Colombia ha hecho algo que parecía imposible: miró al imperio a los ojos y dijo no. El retiro del embajador en Washington no es un gesto diplomático. Es una ruptura moral. Por primera vez en décadas, un gobierno colombiano no actúa como satélite, sino como Estado soberano.
La “guerra contra las drogas” fue el mayor fraude político del siglo XX. Se diseñó en Washington, se aplicó en Bogotá y se cobró en sangre latinoamericana. No fue una política antidrogas, fue una política de control. Sirvió para financiar ejércitos, corromper instituciones y mantener a América Latina bajo tutela militar.
Durante cincuenta años, Colombia fue el experimento perfecto:
- Una violencia sin fin.
- una economía criminal integrada al sistema financiero.
- una cultura moldeada por la culpa y la dependencia.
El imperio convirtió el narcotráfico en su negocio y la “ayuda internacional” en su instrumento.
Petro ha roto esa narrativa. Ha dicho lo que nadie en el poder colombiano se atrevía a decir: que Estados Unidos usa la droga como pretexto para intervenir, sancionar y dominar; que no combate el narcotráfico, lo administra; que no busca justicia, busca obediencia.
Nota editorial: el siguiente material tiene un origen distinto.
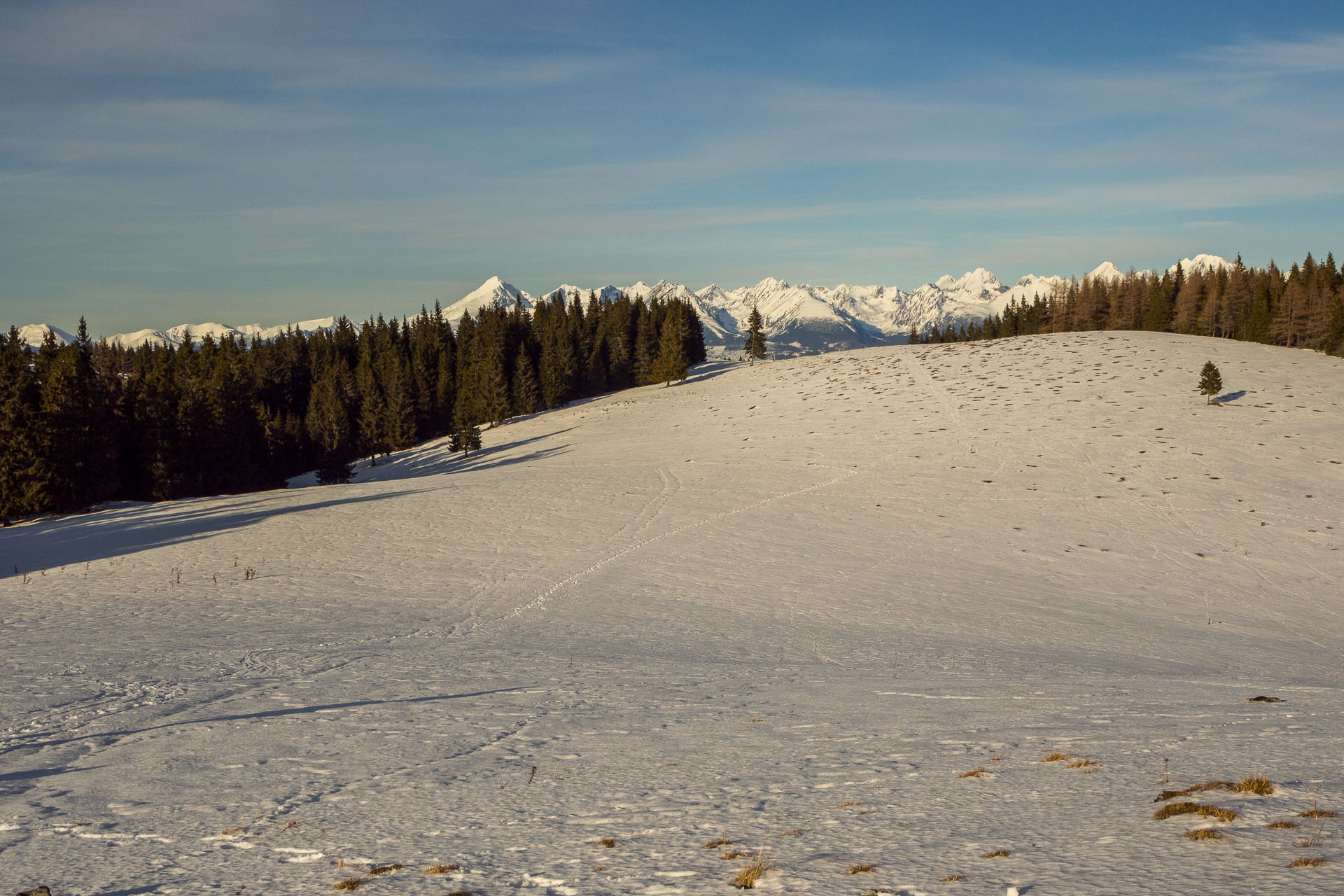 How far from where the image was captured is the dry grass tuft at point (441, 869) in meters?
6.41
Y eso, en la lógica imperial, es imperdonable. Un país puede ser pobre, pero no puede ser libre. Puede ser aliado, pero no puede pensar. Petro ha hecho ambas cosas: ha pensado y ha desobedecido.
La respuesta de Estados Unidos ha sido previsible: ataques “antinarcóticos” en el Caribe, misiles sobre pequeñas embarcaciones, muertes de civiles, silencio mediático. Llaman operaciones de seguridad a lo que son actos de guerra no declarada. Y mientras tanto, la prensa repite el guion de siempre: “combate al narcotráfico”.
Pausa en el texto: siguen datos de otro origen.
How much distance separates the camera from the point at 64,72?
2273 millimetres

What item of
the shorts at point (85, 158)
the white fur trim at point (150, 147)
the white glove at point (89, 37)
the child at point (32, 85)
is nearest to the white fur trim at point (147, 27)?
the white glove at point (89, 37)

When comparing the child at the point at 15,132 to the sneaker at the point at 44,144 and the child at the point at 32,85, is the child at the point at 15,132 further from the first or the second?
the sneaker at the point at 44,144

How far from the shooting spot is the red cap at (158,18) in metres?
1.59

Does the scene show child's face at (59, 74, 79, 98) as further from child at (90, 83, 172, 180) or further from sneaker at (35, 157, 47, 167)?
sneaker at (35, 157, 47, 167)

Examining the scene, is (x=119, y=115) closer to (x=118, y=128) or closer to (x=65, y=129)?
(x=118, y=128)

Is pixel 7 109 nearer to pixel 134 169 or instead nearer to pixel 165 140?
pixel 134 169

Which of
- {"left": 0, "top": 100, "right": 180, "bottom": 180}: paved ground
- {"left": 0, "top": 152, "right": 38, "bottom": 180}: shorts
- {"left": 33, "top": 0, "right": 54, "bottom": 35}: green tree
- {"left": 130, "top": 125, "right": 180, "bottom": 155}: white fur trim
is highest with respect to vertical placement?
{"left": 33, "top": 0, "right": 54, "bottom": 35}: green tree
Colombia ha dicho basta. Y ese basta cambia el tablero continental. Porque si el país que fue símbolo de subordinación empieza a defender su soberanía, el resto del continente puede hacerlo también.
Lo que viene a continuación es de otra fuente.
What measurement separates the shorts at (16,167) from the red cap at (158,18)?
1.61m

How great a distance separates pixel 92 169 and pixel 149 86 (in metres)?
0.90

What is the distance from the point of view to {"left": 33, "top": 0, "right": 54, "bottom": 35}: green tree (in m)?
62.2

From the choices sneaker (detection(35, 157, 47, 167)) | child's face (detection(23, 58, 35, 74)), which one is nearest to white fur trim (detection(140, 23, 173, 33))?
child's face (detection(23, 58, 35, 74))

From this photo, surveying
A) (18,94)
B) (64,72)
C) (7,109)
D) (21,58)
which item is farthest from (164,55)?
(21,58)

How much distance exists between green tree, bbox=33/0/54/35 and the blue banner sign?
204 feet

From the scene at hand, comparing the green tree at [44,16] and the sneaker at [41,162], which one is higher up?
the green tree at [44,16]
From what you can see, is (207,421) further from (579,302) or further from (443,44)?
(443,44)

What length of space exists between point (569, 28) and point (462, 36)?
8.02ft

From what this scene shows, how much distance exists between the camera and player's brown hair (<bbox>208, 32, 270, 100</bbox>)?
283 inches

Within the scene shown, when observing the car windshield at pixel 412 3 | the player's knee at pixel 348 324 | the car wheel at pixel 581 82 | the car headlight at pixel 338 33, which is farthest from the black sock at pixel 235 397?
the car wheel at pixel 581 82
Petro no está aislado. Su posición encuentra eco en los pueblos del Sur que ya no creen en el discurso moral del imperio. Venezuela lo resiste desde la economía y la soberanía energética; Petro lo desafía desde la ética y el pensamiento político. Ambos están reconfigurando el mapa de poder latinoamericano.
Estados Unidos ya no representa libertad. Representa miedo. Ya no exporta democracia. Exporta sanciones y guerra. Y América Latina ya no está dispuesta a ser su escenario.
Lo que está ocurriendo no es un conflicto puntual, es un cambio de época. La política internacional está dejando de girar alrededor del dólar y empieza a girar alrededor de la dignidad. El Sur comienza a pensarse como bloque consciente, no como territorio subordinado.
Petro ha abierto un debate mundial sobre el verdadero sentido de la soberanía y la hipocresía de la política antidrogas. Ha puesto al descubierto la raíz del problema: la codicia del Norte. Y ha devuelto a Colombia algo que se creía perdido: el derecho a tener voz propia.
El imperio puede presionar, sancionar o mentir. Pero ya no puede revertir lo esencial: que el Sur ha dejado de tener miedo.